Risks Related to the Offering

Our management will have broad discretion over the use of net proceeds from this offering and may not use the proceeds effectively.

        Our management will have broad discretion in the use of the net proceeds, including for any of the purposes described in the section entitled "Use of Proceeds," and you will not have the opportunity as part of your investment decision to assess whether the net proceeds are being used appropriately. Because of the number and variability of factors that will determine our use of the net proceeds from this offering, their ultimate use may vary substantially from their currently intended use. The failure of our management to use these funds effectively could harm our business.

The offering price was set by our Board of Directors and does not necessarily indicate the actual or market value of our common stock.

        Our Board of Directors approved the offering price and other terms of this offering after considering, among other things: the number of shares authorized in our certificate of incorporation; the current market price of our common stock; trading prices of our common stock over time; the volatility of our common stock; our current financial condition and the prospects for our future cash flows; the availability and likely cost of other potential sources of capital; and market and economic conditions at the time of the offering.
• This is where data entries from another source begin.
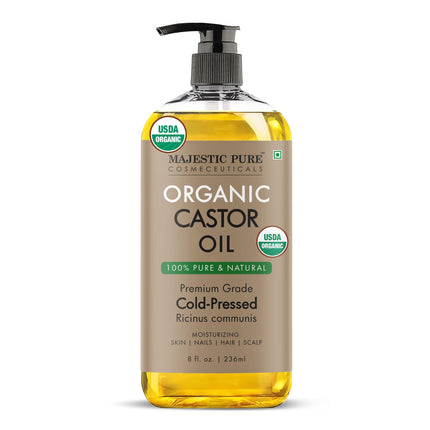 Majestic Pure Oil - 100% Pure and Natural- Cold Pressed & Hexane Free Natural Hair Growth Oil for Eyelashes, Eyebrows, Skin, Body, Face, Nails & Scalp - USDA Organic Castor Oil 8 Fl Oz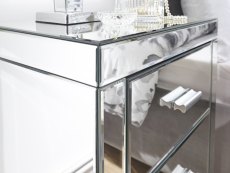 GFW GFW Venetian Clear Glass 3 Drawer Mirrored Bedside Cabinet (Assembled)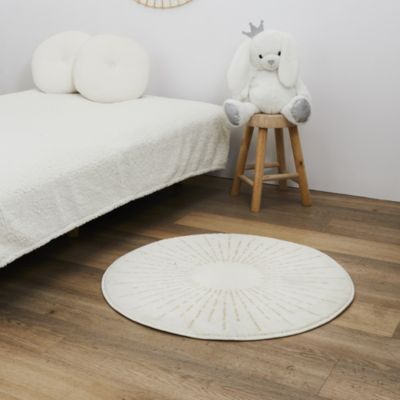 Tapis Rond - HOME DECO KIDS - Soleil - Fil Métallisé - Crème - 80 cm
The offering price is not intended to bear any relationship to the book value of our assets or our past operations, cash flows, losses, financial condition, net worth or any other established criteria used to value securities. The offering price may not be indicative of the fair value of the common stock.

You may experience future dilution as a result of this offering, future equity offerings or other equity issuances.

        We will need to raise substantial capital in addition to the amounts we may raise in this offering. In order to raise such capital, we may in the future offer and issue additional shares of our common stock or other securities convertible into or exchangeable for our common stock. We may not be able to sell shares or other securities in any other offering at a price per share that is equal to or greater than the offering price per share of common stock in this offering, and investors purchasing our securities in the future could have rights superior to existing stockholders. The price per share at which we sell additional shares of our common stock or other securities convertible into or exchangeable for our common stock in future transactions may be higher or lower than the offering price per share in this offering.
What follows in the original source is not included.